Matrix Gaussian Constraints
---------------------------
Matrix constraints can only be specified using the list format since they constrain multiple
parameters, possibly making the first format ambiguous.
Inside a list element, the type can be set with the ``type: matrix`` keyword and a covariance
matrix can be given via the ``matrix`` keyword like this:

.. code-block:: yaml

    parameter_constraints:
      - type: matrix
        names: [a, b]
        values: [1.3, 2.5]
        matrix: [[1.1, 0.1], [0.1, 2.4]]
      - type: simple
        name: c
        value: 5.2
        uncertainty: 0.001

Here ``type: simple`` can be omitted, as a simple gaussian constraint is assumed when no type
is given.

A covariance matrix is assumed by default for matrix constraints. Correlation matrices are
supported as well.
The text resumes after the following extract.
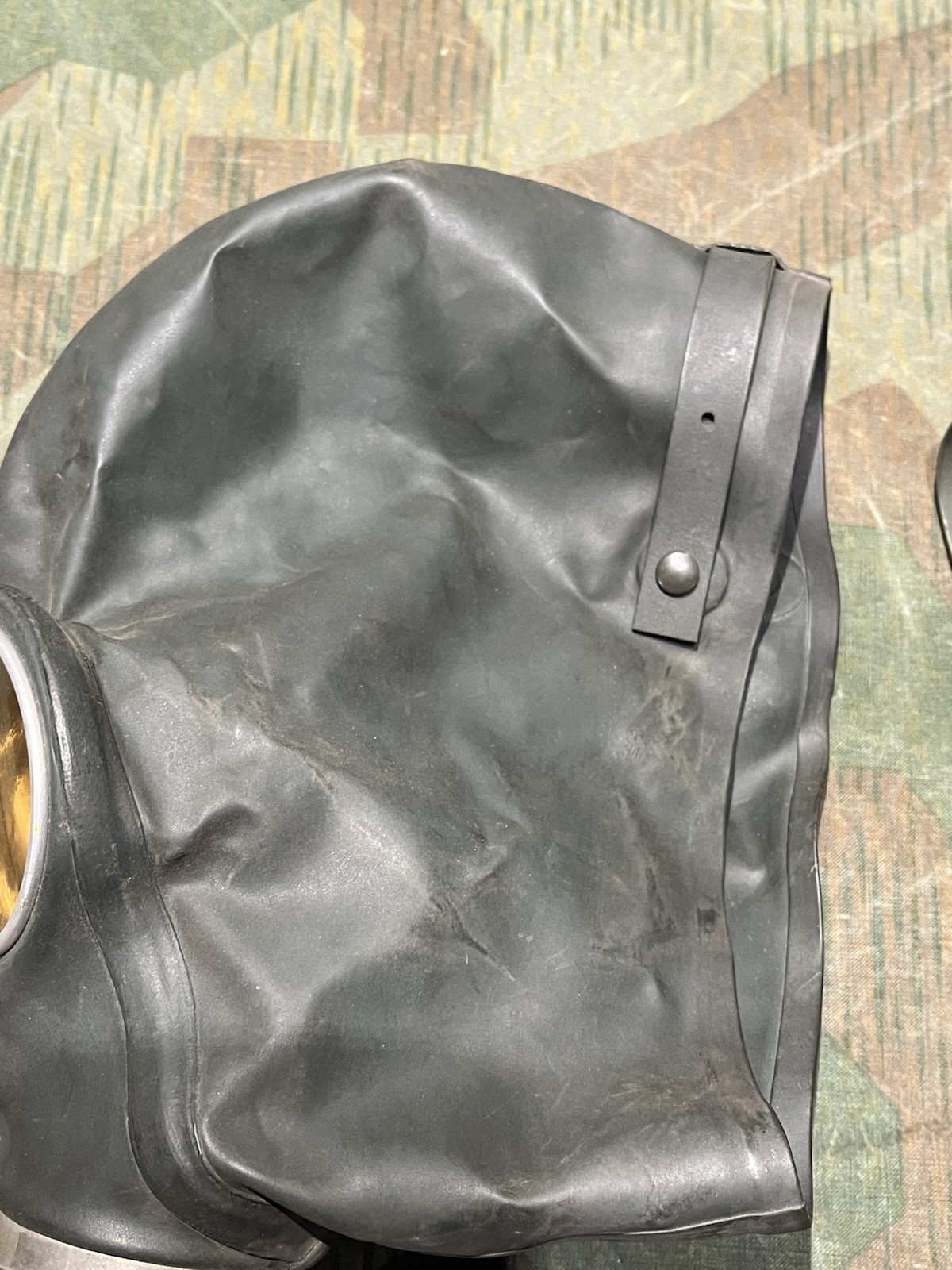 Original WW2 German Luftschutz VM37 Civil Gas Mask and Filter Waffen Marked Very Good Cond. 1x Only - Image 6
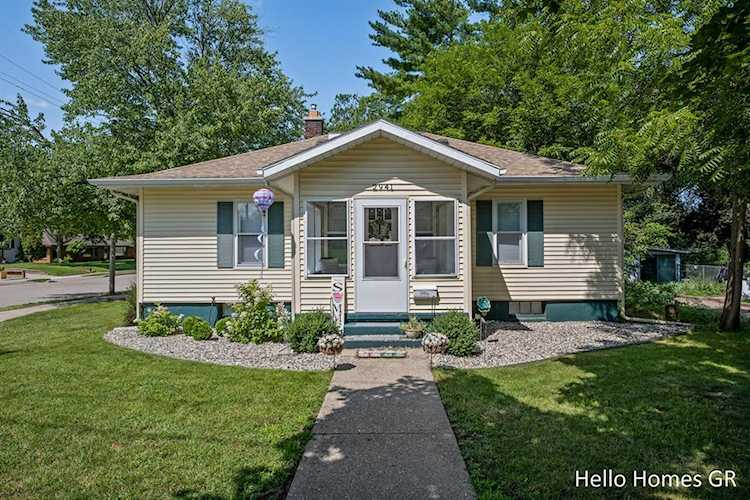 2941 SW Sanford Ave Grandville, MI 49418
The matrix type can be set via the ``matrix_type`` keyword.
Only ``matrix_type: cov`` for covariance matrices and ``matrix_type: cor`` for correlation matrices
are supported.

Fixing and limiting parameters
==============================
Fixing and limiting parameters is just as simple as the following example.
Please use the parameter names as they are defined inside the model function
(see: :ref:`kafe2go_model_function`).

.. code-block:: yaml

    fixed_parameters:
      a: 1
      b: 11.5
    limited_parameters:
      c: [0.0, 1.0]
      d: [-5, 5]
      e: [0.0, null]

Note that a limited parameter needs two arguments: a lower and an upper limit.
The first value of the list is the lower limit and the second value is the upper limit.
For a one-sided limit simply set the argument for the side that you don't want to limit to ``null``.
For technical reasons parameter limits are *inclusive*, meaning that the specified bounds are
included in the range of allowed parameter values.
For example, in the above configuration the parameter *e* is limited to non-negative numbers and
*can* become 0 during the fit.
If the final fit result is close to or at the parameter limits, the limits should be reassessed,
as the final minimum of the cost function might be a local minimum for the given limits.